テスト

はじめに

多くの誤った情報が流れていますが、Haskell でユニットテスト (unit testing) はかなり一般的ですし、十分堅牢です。しかし大まかに言ってユニットテストは Haskell ではあまり重要視されません。型システムにより、尋常でない量の無効なプログラムが、構成的な手法で完全に表現不可能になっているからです。ユニットテストは、開発のライフサイクルの後の方で書かれる傾向があり、一般には表面上の仕組みではなくプログラムの中核の論理について行われることが多いです。

Haskell のライブラリの設計の中で優れた流派の多くは、強力な等式の法則を基盤にプログラムを構成するのを好みます。これにより、プログラムの振る舞いについて、合成しても不変である条件をきちんと保証できるからです。テストのツールの多くがこの流儀の設計に合うように作られています。

QuickCheck

おそらくもっとも有名な Haskell ライブラリであろう QuickCheck は、巨大なランダムなテストを任意の関数に対して引数の型に基づき自動的に生成する、テストのためのフレームワークです。

quickCheck :: Testable prop => prop -> IO ()
(==>) :: Testable prop => Bool -> prop -> Property
forAll :: (Show a, Testable prop) => Gen a -> (a -> prop) -> Property
choose :: Random a => (a, a) -> Gen a

import Test.QuickCheck

qsort :: [Int] -> [Int]
qsort []     = []
qsort (x:xs) = qsort lhs ++ [x] ++ qsort rhs
    where lhs = filter  (< x) xs
          rhs = filter (>= x) xs

prop_maximum ::  [Int] -> Property
prop_maximum xs = not (null xs) ==>
                  last (qsort xs) == maximum xs

main :: IO ()
main = quickCheck prop_maximum

$ runhaskell qcheck.hs
*** Failed!
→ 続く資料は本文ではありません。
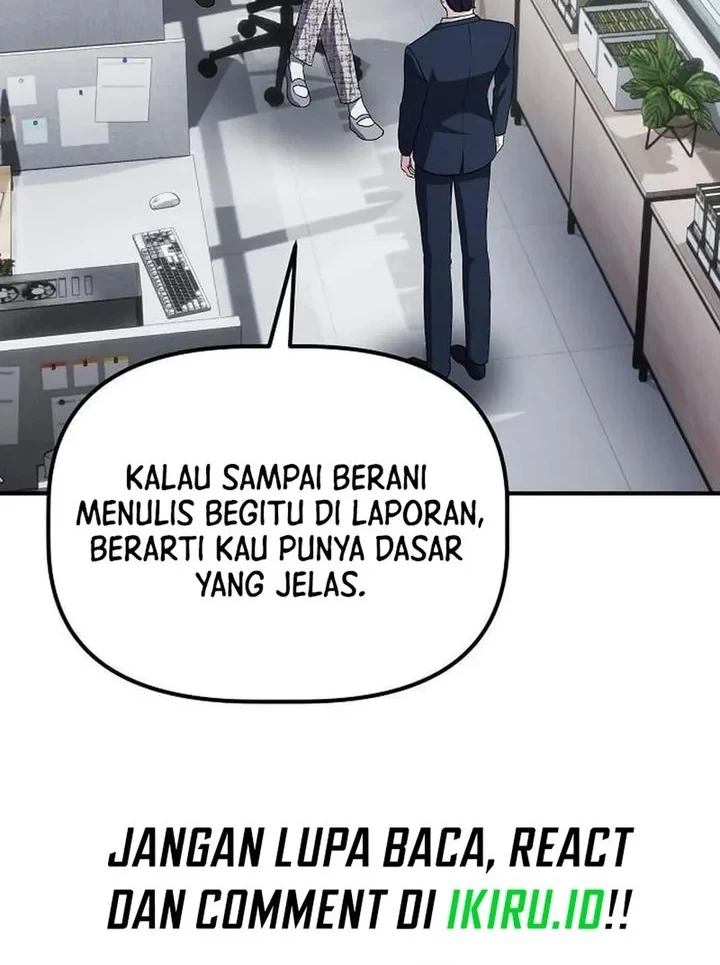 The Corporate Underdog Who Does Everything Right Chapter 66 page 69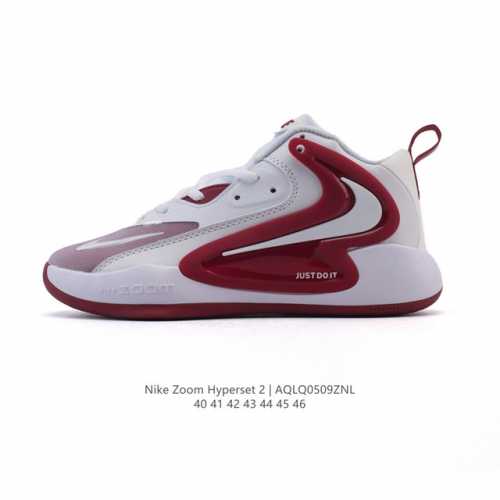 Nike Zoom Hyperset 2 Se ElectricFv3687#Nike# #Nike# : Fq7070 : 40-46 : Aq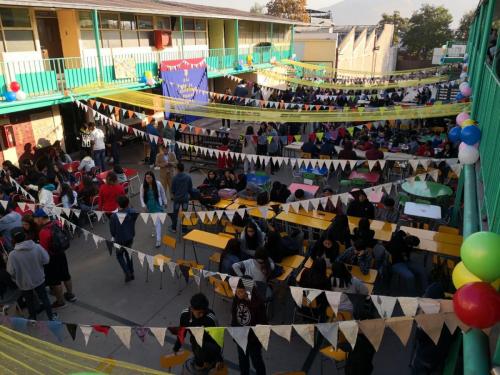 dia convivencia escolar 12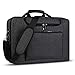 Produktbild BERTASCHE Laptoptasche 17 Zoll - 17,3 Zoll Herren Business Tasche für Arbeit Aktentasche Groß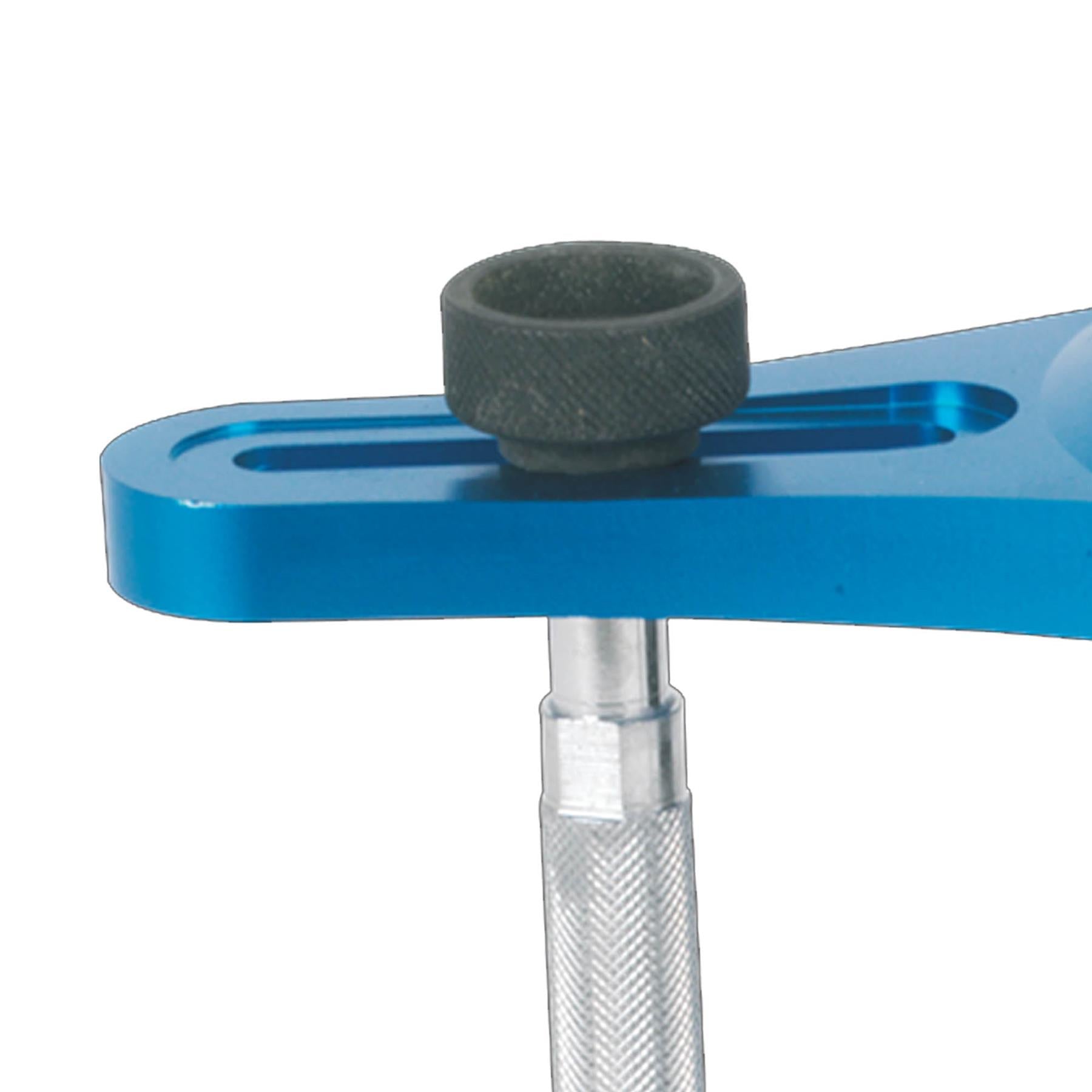 Sealey Self Adjusting Clutch Tool Aluminium tool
Falsifiable (after 3 tests and 4 shrinks):
[0]
[1]

$ runhaskell qcheck.hs
+++ OK, passed 1000 tests.

テストデータのジェネレータは、ユーザー定義の型に拡張して、テストケースの領域を制限するための条件を指定することができます。

import Test.QuickCheck

data Color = Red | Green | Blue deriving Show

instance Arbitrary Color where
  arbitrary = do
    n <- choose (0,2) :: Gen Int
    return $ case n of
      0 -> Red
      1 -> Green
      2 -> Blue

example1 :: IO [Color]
example1 = sample' arbitrary
-- [Red,Green,Red,Blue,Red,Red,Red,Blue,Green,Red,Red]

参照：

QuickCheck: An Automatic Testing Tool for Haskell

SmallCheck

QuickCheck と同様、SmallCheck は性質をテストするシステムですが、ランダムな恣意的なテストデータを生成する代わりに、固定された深さのテストデータの決定論的な列で順に確かめていきます。
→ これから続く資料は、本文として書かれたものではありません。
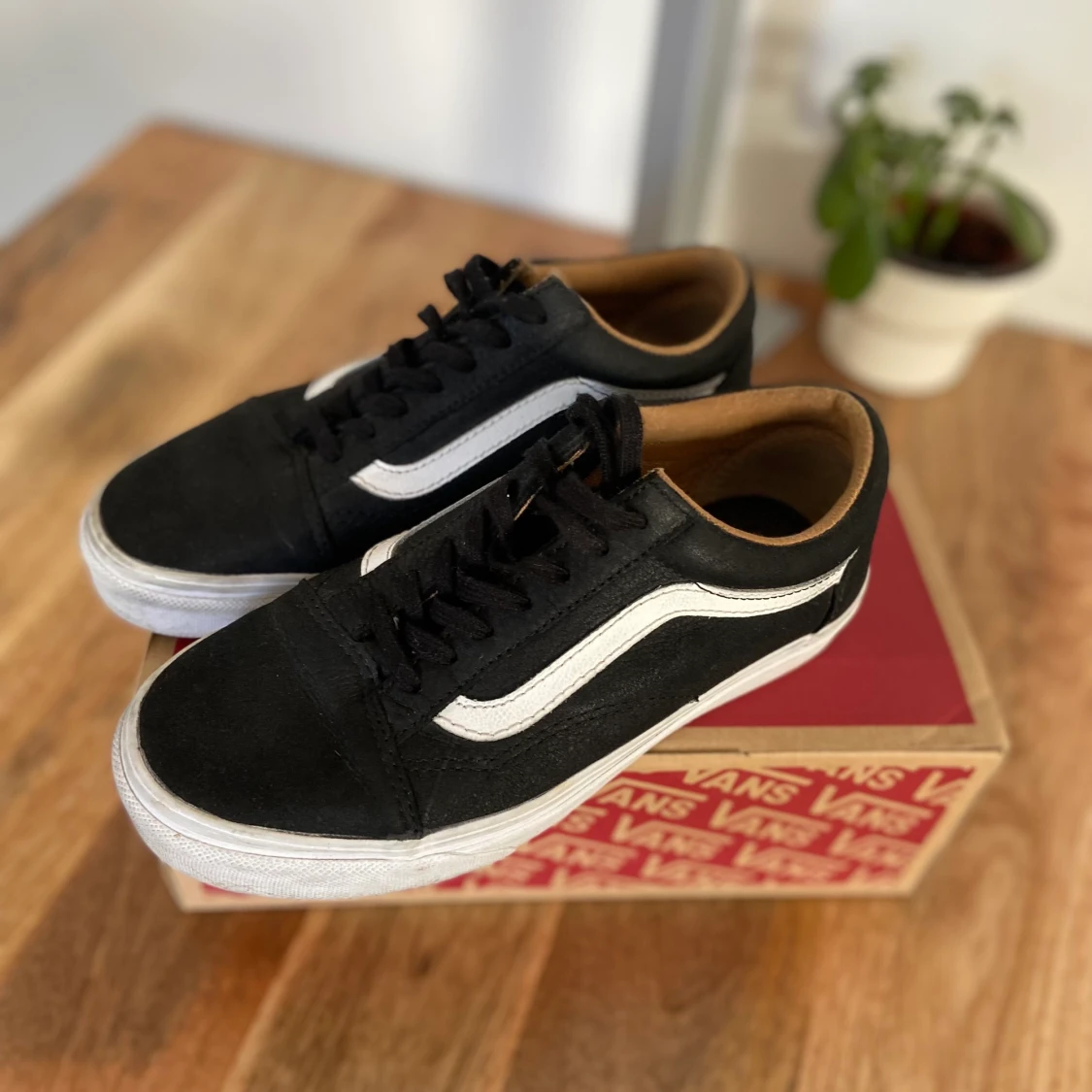 Vans skor - 90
smallCheck :: Testable IO a => Depth -> a -> IO ()
list :: Depth -> Series Identity a -> [a]
sample' :: Gen a -> IO [a]

λ: list 3 series :: [Int]
[0,1,-1,2,-2,3,-3]

λ: list 3 series :: [Double]
[0.0,1.0,-1.0,2.0,0.5,-2.0,4.0,0.25,-0.5,-4.0,-0.25]

λ: list 3 series :: [(Int, String)]
[(0,""),(1,""),(0,"a"),(-1,""),(0,"b"),(1,"a"),(2,""),(1,"b"),(-1,"a"),(-2,""),(-1,"b"),(2,"a"),(-2,"a"),(2,"b"),(-2,"b")]
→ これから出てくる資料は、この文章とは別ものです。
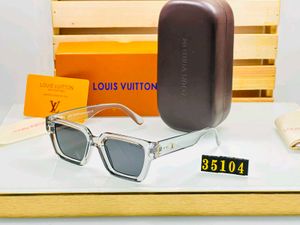 Louis Vuitton Sunglasses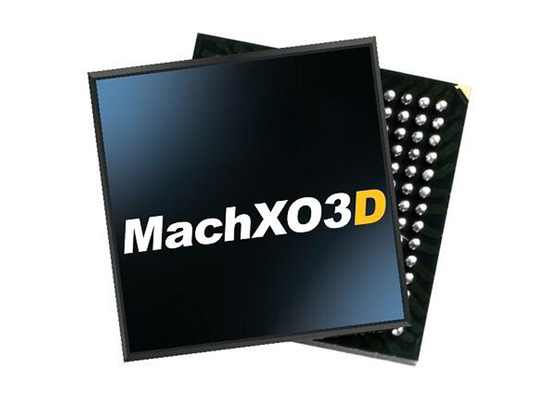 LCMXO3D-4300HC-5FTG256C Полевое программируемое ворота массив высокозащищенный FPGA MachXO3D FPGA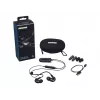 Shure SE215 austiņas, melnas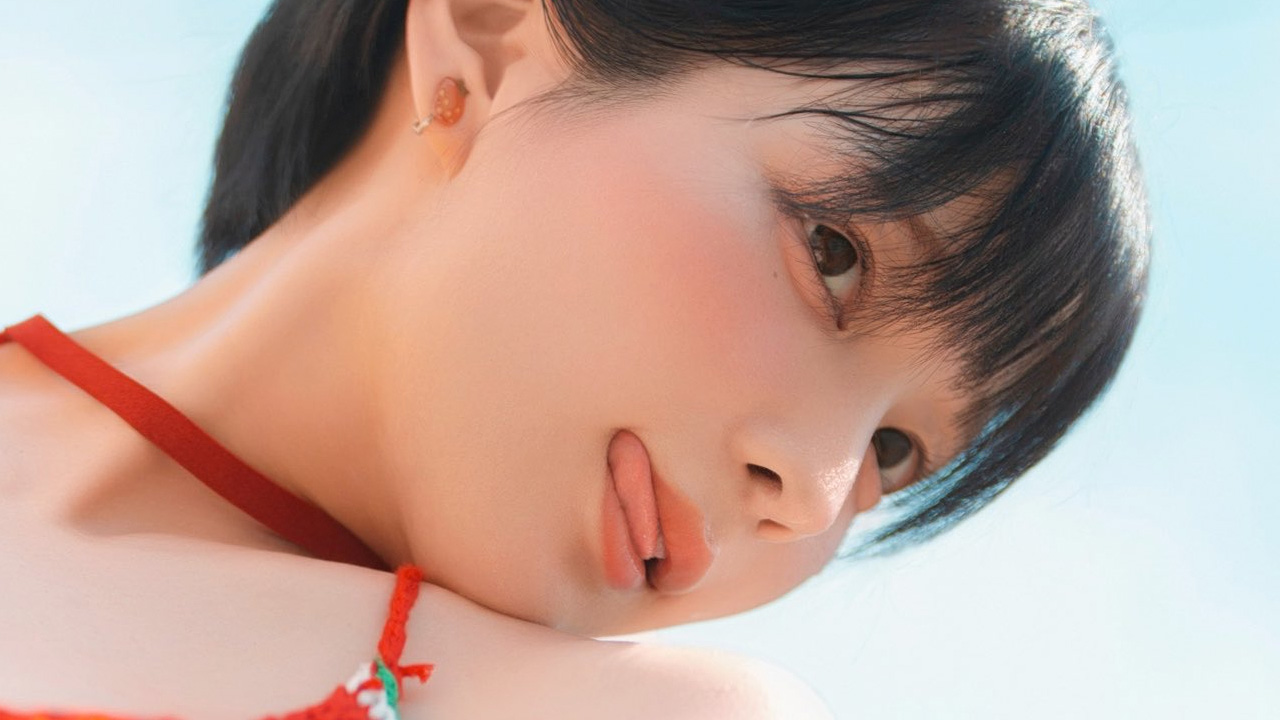天川星夏｜真夏の果実をかじるひとの画像1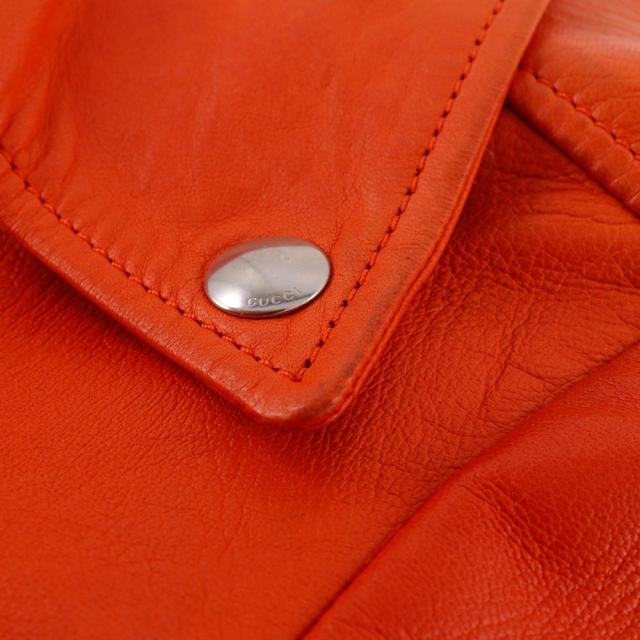 GUCCI グッチ ダブルライダース トムフォード期 371225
これは、プログラムのすべてのありうる入力をある深さまで生成するのに便利です。

import Test.SmallCheck

distrib :: Int -> Int -> Int -> Bool
distrib a b c = a * (b + c) == a * b + a * c

cauchy :: [Double] -> [Double] -> Bool
cauchy xs ys = (abs (dot xs ys))^2 <= (dot xs xs) * (dot ys ys)

failure :: [Double] -> [Double] -> Bool
failure xs ys = abs (dot xs ys) <= (dot xs xs) * (dot ys ys)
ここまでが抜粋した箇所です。